The trial was conducted in Matsumoto between June 2018 and February 2019. To investigate the impact of regular MKP intake on cognitive function in community-dwelling adults without dementia, a 24-week randomized, double-blind, placebo-controlled trial was conducted. The study lasted 24 and 2 weeks for treatment and post-treatment observation, respectively. Efficacy assessments were obtained at baseline, week 12, and week 24.

Eligibility was assessed on the basis of interviews, physical examination (BP, height, body weight), self-reported data from health and lifestyle questionnaires, the Geriatric Depression Scale (GDS)30,31 score, and the HDS-R score. Individuals with scores ≥ 7 on the GDS or ≤ 20 on the HDS-R were excluded from participation. Eligible participants were randomly assigned to receive MKP or placebo tablets in a 1:1 ratio by a person not directly involved in the study using computer-generated lists of random numbers via the randomly permuted block method. The participants, physician, researchers assessing outcomes, and researchers conducting statistical analyses were blinded to the treatment group allocation over the study duration.

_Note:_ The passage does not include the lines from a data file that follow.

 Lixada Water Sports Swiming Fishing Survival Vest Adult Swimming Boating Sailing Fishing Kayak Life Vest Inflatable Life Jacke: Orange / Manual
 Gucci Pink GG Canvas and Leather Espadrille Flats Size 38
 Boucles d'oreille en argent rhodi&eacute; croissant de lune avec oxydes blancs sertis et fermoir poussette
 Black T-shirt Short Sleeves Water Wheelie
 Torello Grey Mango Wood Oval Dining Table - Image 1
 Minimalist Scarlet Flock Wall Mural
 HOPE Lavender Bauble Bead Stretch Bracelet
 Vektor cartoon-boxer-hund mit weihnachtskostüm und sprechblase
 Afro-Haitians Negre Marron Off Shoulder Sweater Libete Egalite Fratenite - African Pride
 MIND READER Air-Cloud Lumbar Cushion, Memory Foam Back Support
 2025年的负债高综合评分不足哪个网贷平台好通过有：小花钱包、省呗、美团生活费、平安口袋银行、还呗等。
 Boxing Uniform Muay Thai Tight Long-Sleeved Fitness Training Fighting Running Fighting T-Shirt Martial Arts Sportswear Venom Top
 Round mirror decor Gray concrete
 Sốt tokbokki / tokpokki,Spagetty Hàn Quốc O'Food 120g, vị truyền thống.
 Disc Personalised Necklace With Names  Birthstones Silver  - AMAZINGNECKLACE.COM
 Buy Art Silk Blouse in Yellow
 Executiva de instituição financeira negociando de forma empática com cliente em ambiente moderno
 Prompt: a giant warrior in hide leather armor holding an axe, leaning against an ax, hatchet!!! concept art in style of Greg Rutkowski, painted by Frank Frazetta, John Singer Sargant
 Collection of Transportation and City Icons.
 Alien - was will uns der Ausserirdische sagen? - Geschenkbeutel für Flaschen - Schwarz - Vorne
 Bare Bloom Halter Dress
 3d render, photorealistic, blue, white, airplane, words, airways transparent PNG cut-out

The MKP-containing tablets were prepared using casein hydrolysate manufactured by the Morinaga Milk Industry (Tokyo, Japan).19 The participants in the MKP and placebo groups received four tablets daily, each containing 50 μg MKP in 0.25 g casein hydrolysate, and 0.25 g dextrin with no detectable MKP, respectively. MKP and placebo tablets were matched for appearance.

All participants were encouraged to continue with their usual daily activities and diet throughout the study period. The participants were also asked to maintain a record using diaries, which included items related to supplementation of study products, illness, use of medications or other nutritional supplements, and hospital visits. Study staff interviewed participants before and throughout the study to ensure their compliance with these lifestyle requirements based on the participant diaries. Treatment compliance was assessed by counting the number of tablets returned at the time of the final study visit and inspecting participant diaries.

Outcome Measures

The primary outcome measure was the ADAS-cog score.24,25 The test, which yields a score ranging from 0 (no errors) to 70 (maximum impairment), assesses memory, language, praxis, and orientation and is composed of 11 subscales (word recall, spoken language ability, comprehension of spoken language, word-finding difficulty, following commands, naming objects and fingers, constructions, ideational praxis, orientation, word recognition, and recall of test instructions) to evaluate general cognitive function.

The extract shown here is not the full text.